▶ **Input data**:
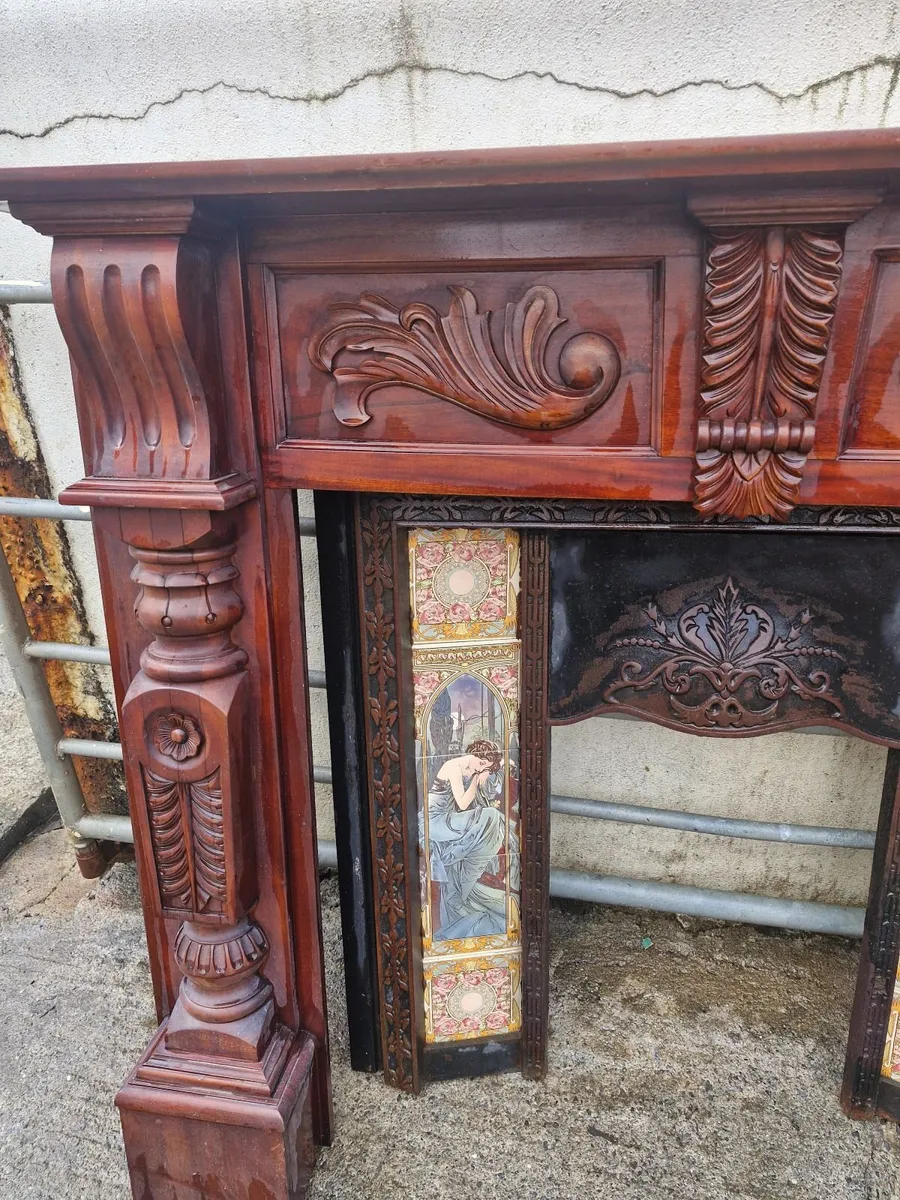 Fireplace Surround and Doors. - Image 1
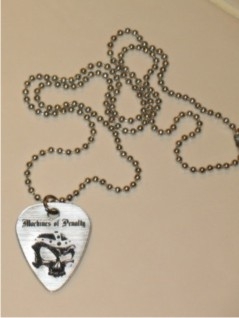 Engraved Personalized Guitar Pick Necklace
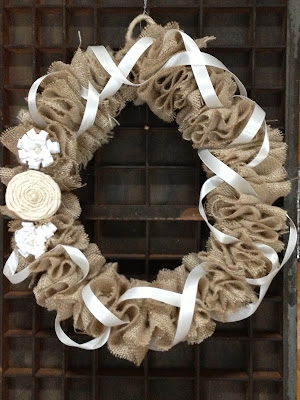wreath burlap sweet ribbon hanger clothes diy180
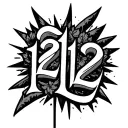 "1212" 121212 tattoo design idea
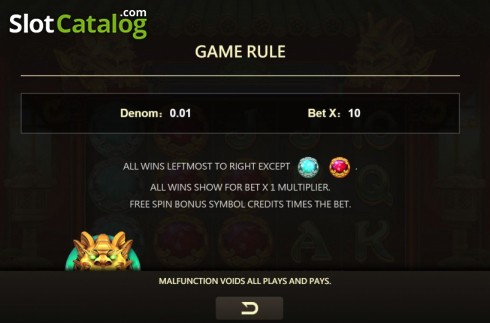 Скрин9. Fortune Treasures слот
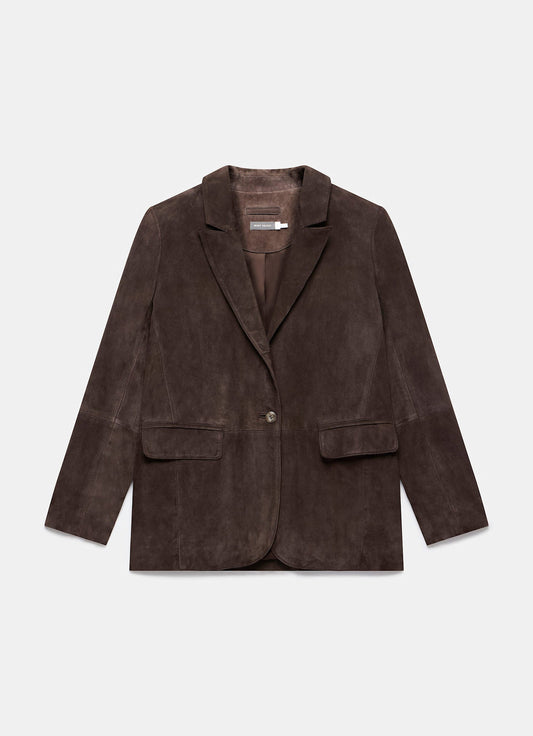 Brown Suede Blazer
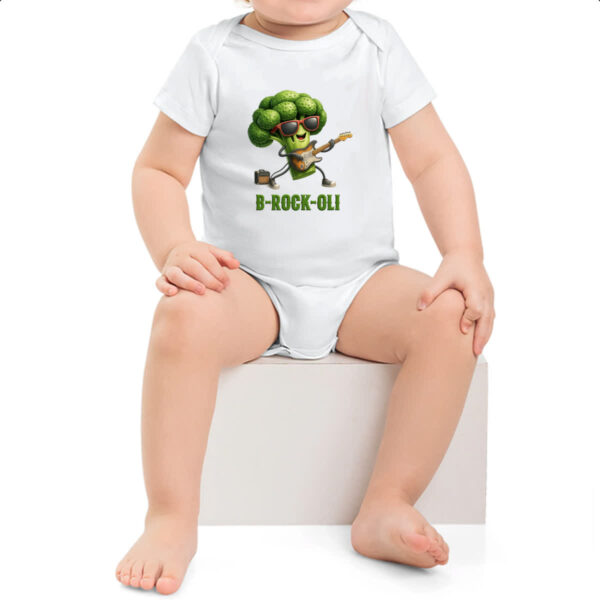 Body infantil Brocolis Rock Roll - Imagem 2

▶ **What you need to do**: Copy the listing exactly. Leave the pictures out.

▶ **Solution to the exercise**:
 Fireplace Surround and Doors. - Image 1
 Engraved Personalized Guitar Pick Necklace
wreath burlap sweet ribbon hanger clothes diy180
 "1212" 121212 tattoo design idea
 Скрин9. Fortune Treasures слот
 Brown Suede Blazer
 Body infantil Brocolis Rock Roll - Imagem 2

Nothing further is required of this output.